AVAILABLE DATA:
☆ ☆ ☆ ☆ ☆ ☆ ☆
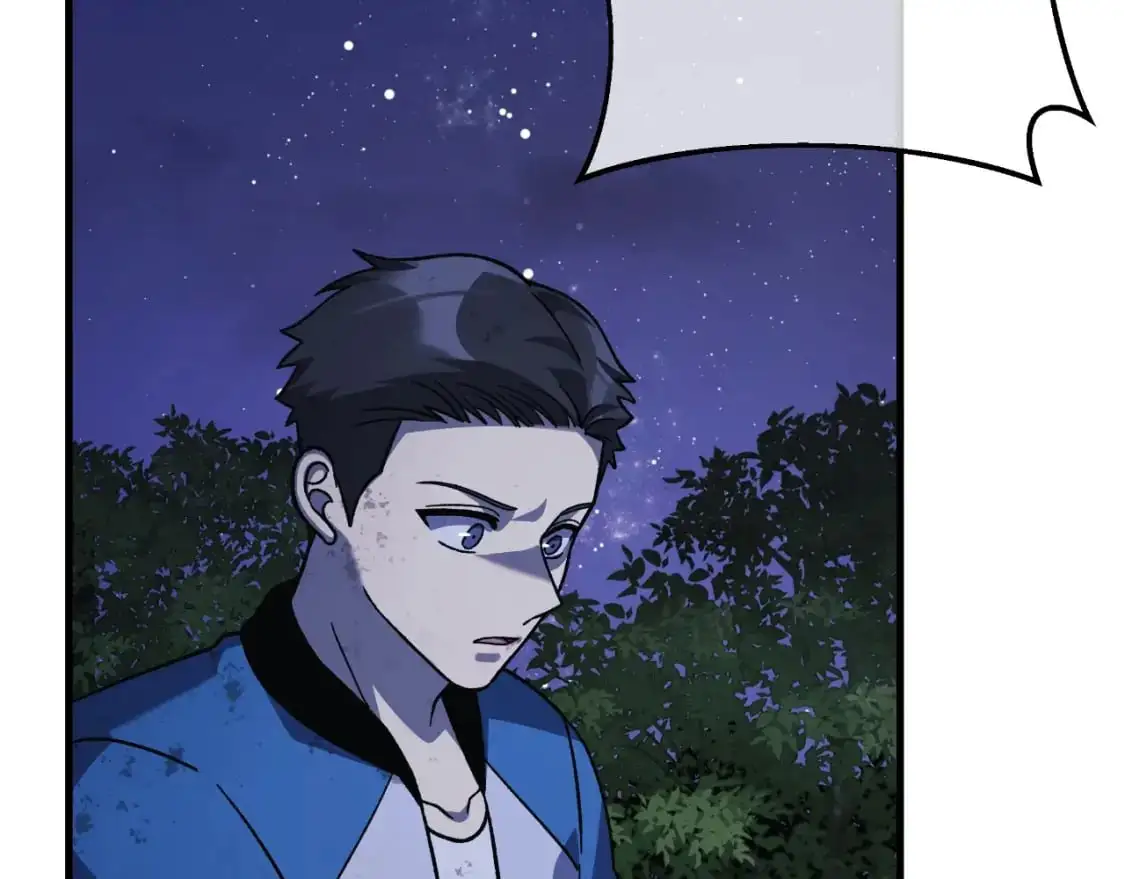 第84话 火卡努斯 第51页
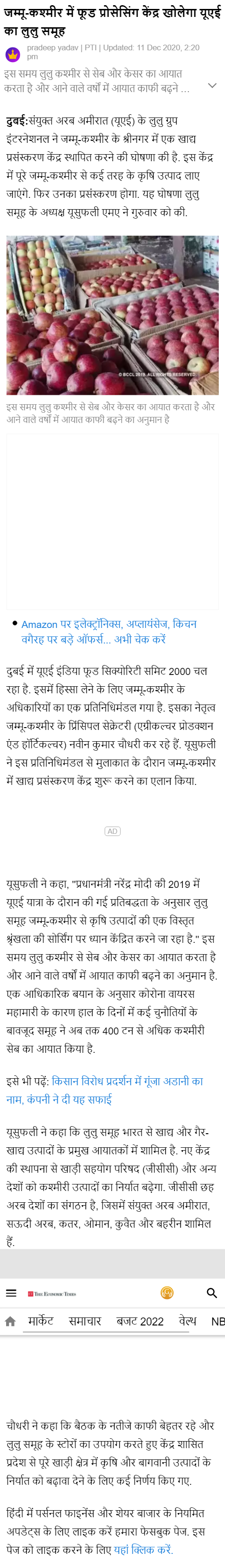 Full News Screenshot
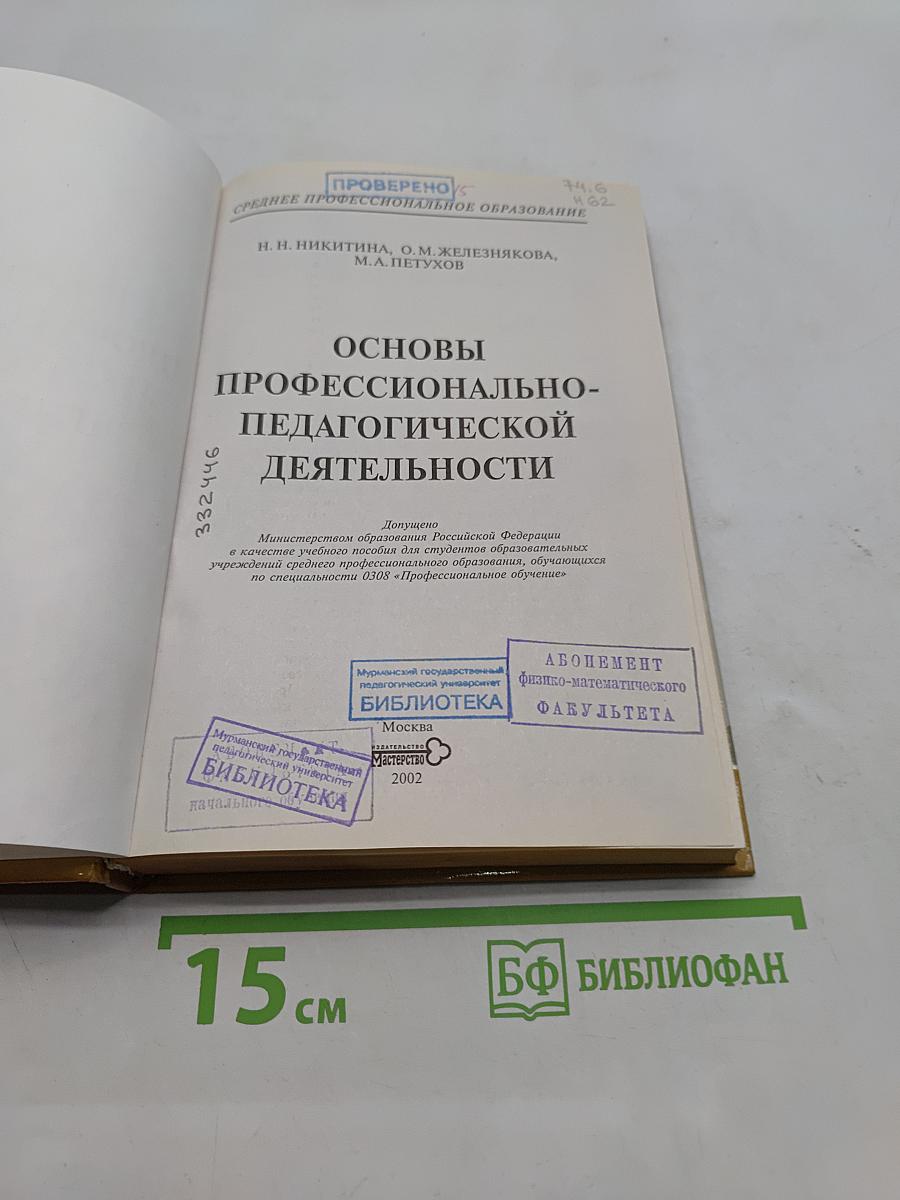 Основы профессионально-педагогической деятельности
☆ ☆ ☆ ☆ ☆ ☆ ☆
PROBLEM TO SOLVE:
Only the lines from the one with "Full News Screenshot" through the end of the listing should be transcribed, exactly and without pictures.

TASK RESPONSE:
 Full News Screenshot
 Основы профессионально-педагогической деятельности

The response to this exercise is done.